:: Data for this task ::
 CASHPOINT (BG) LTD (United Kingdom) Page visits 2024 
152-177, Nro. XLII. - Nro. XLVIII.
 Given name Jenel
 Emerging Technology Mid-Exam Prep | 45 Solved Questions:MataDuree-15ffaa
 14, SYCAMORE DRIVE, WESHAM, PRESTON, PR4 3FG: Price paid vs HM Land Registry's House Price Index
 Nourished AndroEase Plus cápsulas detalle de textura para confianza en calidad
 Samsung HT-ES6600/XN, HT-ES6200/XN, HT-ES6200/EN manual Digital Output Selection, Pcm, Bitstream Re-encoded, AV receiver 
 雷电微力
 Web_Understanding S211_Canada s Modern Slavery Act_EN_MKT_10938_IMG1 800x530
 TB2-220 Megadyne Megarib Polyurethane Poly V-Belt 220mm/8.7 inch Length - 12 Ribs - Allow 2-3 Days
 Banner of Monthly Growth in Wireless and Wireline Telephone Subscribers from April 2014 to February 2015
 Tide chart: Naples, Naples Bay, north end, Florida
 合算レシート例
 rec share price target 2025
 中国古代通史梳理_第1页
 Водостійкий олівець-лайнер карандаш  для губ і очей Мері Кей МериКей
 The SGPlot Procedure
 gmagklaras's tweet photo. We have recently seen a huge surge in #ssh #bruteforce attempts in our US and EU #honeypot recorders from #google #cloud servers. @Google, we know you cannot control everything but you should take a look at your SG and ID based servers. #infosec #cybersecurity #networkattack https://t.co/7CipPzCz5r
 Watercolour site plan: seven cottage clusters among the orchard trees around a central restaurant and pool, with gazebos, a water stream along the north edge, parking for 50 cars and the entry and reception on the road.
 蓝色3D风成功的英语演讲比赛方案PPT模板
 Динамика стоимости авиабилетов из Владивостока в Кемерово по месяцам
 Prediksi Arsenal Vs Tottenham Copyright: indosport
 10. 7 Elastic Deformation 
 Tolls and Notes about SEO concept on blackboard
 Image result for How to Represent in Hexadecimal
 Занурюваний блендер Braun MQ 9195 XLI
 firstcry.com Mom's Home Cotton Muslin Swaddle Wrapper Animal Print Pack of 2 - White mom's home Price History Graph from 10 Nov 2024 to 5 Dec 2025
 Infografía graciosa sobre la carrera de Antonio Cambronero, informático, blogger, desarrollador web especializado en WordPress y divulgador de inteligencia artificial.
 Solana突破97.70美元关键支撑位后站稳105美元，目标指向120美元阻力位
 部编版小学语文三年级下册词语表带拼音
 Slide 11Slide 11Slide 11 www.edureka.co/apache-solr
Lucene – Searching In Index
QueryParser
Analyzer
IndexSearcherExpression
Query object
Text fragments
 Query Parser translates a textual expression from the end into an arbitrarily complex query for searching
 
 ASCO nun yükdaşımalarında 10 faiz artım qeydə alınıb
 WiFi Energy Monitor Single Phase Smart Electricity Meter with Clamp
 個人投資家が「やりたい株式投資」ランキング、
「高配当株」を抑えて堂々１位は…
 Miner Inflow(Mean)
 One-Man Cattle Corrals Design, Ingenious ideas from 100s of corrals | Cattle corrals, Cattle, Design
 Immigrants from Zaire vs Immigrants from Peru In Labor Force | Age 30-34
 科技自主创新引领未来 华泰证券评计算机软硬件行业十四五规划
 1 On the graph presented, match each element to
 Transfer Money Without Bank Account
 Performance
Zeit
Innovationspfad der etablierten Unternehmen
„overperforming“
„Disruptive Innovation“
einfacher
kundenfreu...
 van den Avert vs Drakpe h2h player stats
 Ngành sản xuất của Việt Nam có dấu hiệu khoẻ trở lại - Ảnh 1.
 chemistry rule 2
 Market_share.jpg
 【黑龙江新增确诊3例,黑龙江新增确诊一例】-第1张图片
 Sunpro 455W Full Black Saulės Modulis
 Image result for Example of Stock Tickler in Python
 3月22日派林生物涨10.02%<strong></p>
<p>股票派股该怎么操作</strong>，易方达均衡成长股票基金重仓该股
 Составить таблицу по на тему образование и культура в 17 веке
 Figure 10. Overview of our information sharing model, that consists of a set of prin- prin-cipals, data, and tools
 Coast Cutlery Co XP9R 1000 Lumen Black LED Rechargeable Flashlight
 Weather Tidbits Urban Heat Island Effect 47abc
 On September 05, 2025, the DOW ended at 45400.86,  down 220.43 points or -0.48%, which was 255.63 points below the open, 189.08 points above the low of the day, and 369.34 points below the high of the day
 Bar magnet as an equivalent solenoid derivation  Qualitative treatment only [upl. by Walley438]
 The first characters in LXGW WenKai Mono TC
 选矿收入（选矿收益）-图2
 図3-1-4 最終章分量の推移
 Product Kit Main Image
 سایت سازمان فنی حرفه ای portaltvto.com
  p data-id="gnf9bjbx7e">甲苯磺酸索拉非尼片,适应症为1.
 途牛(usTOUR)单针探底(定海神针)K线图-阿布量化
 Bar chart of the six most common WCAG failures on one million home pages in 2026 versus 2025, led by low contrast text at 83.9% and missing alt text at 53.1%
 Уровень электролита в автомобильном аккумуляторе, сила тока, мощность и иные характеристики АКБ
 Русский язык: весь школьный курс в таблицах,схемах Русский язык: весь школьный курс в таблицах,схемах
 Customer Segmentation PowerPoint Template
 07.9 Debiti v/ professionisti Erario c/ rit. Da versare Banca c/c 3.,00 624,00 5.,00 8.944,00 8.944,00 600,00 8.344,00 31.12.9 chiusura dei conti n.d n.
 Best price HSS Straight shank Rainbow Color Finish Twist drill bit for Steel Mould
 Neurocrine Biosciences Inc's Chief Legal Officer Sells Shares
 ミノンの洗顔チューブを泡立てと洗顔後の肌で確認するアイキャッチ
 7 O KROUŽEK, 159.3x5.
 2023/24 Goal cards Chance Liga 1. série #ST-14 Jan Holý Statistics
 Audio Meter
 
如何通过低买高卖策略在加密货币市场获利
:::
Please transcribe each entry exactly, keeping every word as it is.

:: Output of the exercise ::
 CASHPOINT (BG) LTD (United Kingdom) Page visits 2024 
152-177, Nro. XLII. - Nro. XLVIII.
 Given name Jenel
 Emerging Technology Mid-Exam Prep | 45 Solved Questions:MataDuree-15ffaa
 14, SYCAMORE DRIVE, WESHAM, PRESTON, PR4 3FG: Price paid vs HM Land Registry's House Price Index
 Nourished AndroEase Plus cápsulas detalle de textura para confianza en calidad
 Samsung HT-ES6600/XN, HT-ES6200/XN, HT-ES6200/EN manual Digital Output Selection, Pcm, Bitstream Re-encoded, AV receiver 
 雷电微力
 Web_Understanding S211_Canada s Modern Slavery Act_EN_MKT_10938_IMG1 800x530
 TB2-220 Megadyne Megarib Polyurethane Poly V-Belt 220mm/8.7 inch Length - 12 Ribs - Allow 2-3 Days
 Banner of Monthly Growth in Wireless and Wireline Telephone Subscribers from April 2014 to February 2015
 Tide chart: Naples, Naples Bay, north end, Florida
 合算レシート例
 rec share price target 2025
 中国古代通史梳理_第1页
 Водостійкий олівець-лайнер карандаш  для губ і очей Мері Кей МериКей
 The SGPlot Procedure
 gmagklaras's tweet photo. We have recently seen a huge surge in #ssh #bruteforce attempts in our US and EU #honeypot recorders from #google #cloud servers. @Google, we know you cannot control everything but you should take a look at your SG and ID based servers. #infosec #cybersecurity #networkattack https://t.co/7CipPzCz5r
 Watercolour site plan: seven cottage clusters among the orchard trees around a central restaurant and pool, with gazebos, a water stream along the north edge, parking for 50 cars and the entry and reception on the road.
 蓝色3D风成功的英语演讲比赛方案PPT模板
 Динамика стоимости авиабилетов из Владивостока в Кемерово по месяцам
 Prediksi Arsenal Vs Tottenham Copyright: indosport
 10. 7 Elastic Deformation 
 Tolls and Notes about SEO concept on blackboard
 Image result for How to Represent in Hexadecimal
 Занурюваний блендер Braun MQ 9195 XLI
 firstcry.com Mom's Home Cotton Muslin Swaddle Wrapper Animal Print Pack of 2 - White mom's home Price History Graph from 10 Nov 2024 to 5 Dec 2025
 Infografía graciosa sobre la carrera de Antonio Cambronero, informático, blogger, desarrollador web especializado en WordPress y divulgador de inteligencia artificial.
 Solana突破97.70美元关键支撑位后站稳105美元，目标指向120美元阻力位
 部编版小学语文三年级下册词语表带拼音
 Slide 11Slide 11Slide 11 www.edureka.co/apache-solr
Lucene – Searching In Index
QueryParser
Analyzer
IndexSearcherExpression
Query object
Text fragments
 Query Parser translates a textual expression from the end into an arbitrarily complex query for searching
 
 ASCO nun yükdaşımalarında 10 faiz artım qeydə alınıb
 WiFi Energy Monitor Single Phase Smart Electricity Meter with Clamp
 個人投資家が「やりたい株式投資」ランキング、
「高配当株」を抑えて堂々１位は…
 Miner Inflow(Mean)
 One-Man Cattle Corrals Design, Ingenious ideas from 100s of corrals | Cattle corrals, Cattle, Design
 Immigrants from Zaire vs Immigrants from Peru In Labor Force | Age 30-34
 科技自主创新引领未来 华泰证券评计算机软硬件行业十四五规划
 1 On the graph presented, match each element to
 Transfer Money Without Bank Account
 Performance
Zeit
Innovationspfad der etablierten Unternehmen
„overperforming“
„Disruptive Innovation“
einfacher
kundenfreu...
 van den Avert vs Drakpe h2h player stats
 Ngành sản xuất của Việt Nam có dấu hiệu khoẻ trở lại - Ảnh 1.
 chemistry rule 2
 Market_share.jpg
 【黑龙江新增确诊3例,黑龙江新增确诊一例】-第1张图片
 Sunpro 455W Full Black Saulės Modulis
 Image result for Example of Stock Tickler in Python
 3月22日派林生物涨10.02%<strong></p>
<p>股票派股该怎么操作</strong>，易方达均衡成长股票基金重仓该股
 Составить таблицу по на тему образование и культура в 17 веке
 Figure 10. Overview of our information sharing model, that consists of a set of prin- prin-cipals, data, and tools
 Coast Cutlery Co XP9R 1000 Lumen Black LED Rechargeable Flashlight
 Weather Tidbits Urban Heat Island Effect 47abc
 On September 05, 2025, the DOW ended at 45400.86,  down 220.43 points or -0.48%, which was 255.63 points below the open, 189.08 points above the low of the day, and 369.34 points below the high of the day
 Bar magnet as an equivalent solenoid derivation  Qualitative treatment only [upl. by Walley438]
 The first characters in LXGW WenKai Mono TC
 选矿收入（选矿收益）-图2
 図3-1-4 最終章分量の推移
 Product Kit Main Image
 سایت سازمان فنی حرفه ای portaltvto.com
  p data-id="gnf9bjbx7e">甲苯磺酸索拉非尼片,适应症为1.
 途牛(usTOUR)单针探底(定海神针)K线图-阿布量化
 Bar chart of the six most common WCAG failures on one million home pages in 2026 versus 2025, led by low contrast text at 83.9% and missing alt text at 53.1%
 Уровень электролита в автомобильном аккумуляторе, сила тока, мощность и иные характеристики АКБ
 Русский язык: весь школьный курс в таблицах,схемах Русский язык: весь школьный курс в таблицах,схемах
 Customer Segmentation PowerPoint Template
 07.9 Debiti v/ professionisti Erario c/ rit. Da versare Banca c/c 3.,00 624,00 5.,00 8.944,00 8.944,00 600,00 8.344,00 31.12.9 chiusura dei conti n.d n.
 Best price HSS Straight shank Rainbow Color Finish Twist drill bit for Steel Mould
 Neurocrine Biosciences Inc's Chief Legal Officer Sells Shares
 ミノンの洗顔チューブを泡立てと洗顔後の肌で確認するアイキャッチ
 7 O KROUŽEK, 159.3x5.
 2023/24 Goal cards Chance Liga 1. série #ST-14 Jan Holý Statistics
 Audio Meter
 
如何通过低买高卖策略在加密货币市场获利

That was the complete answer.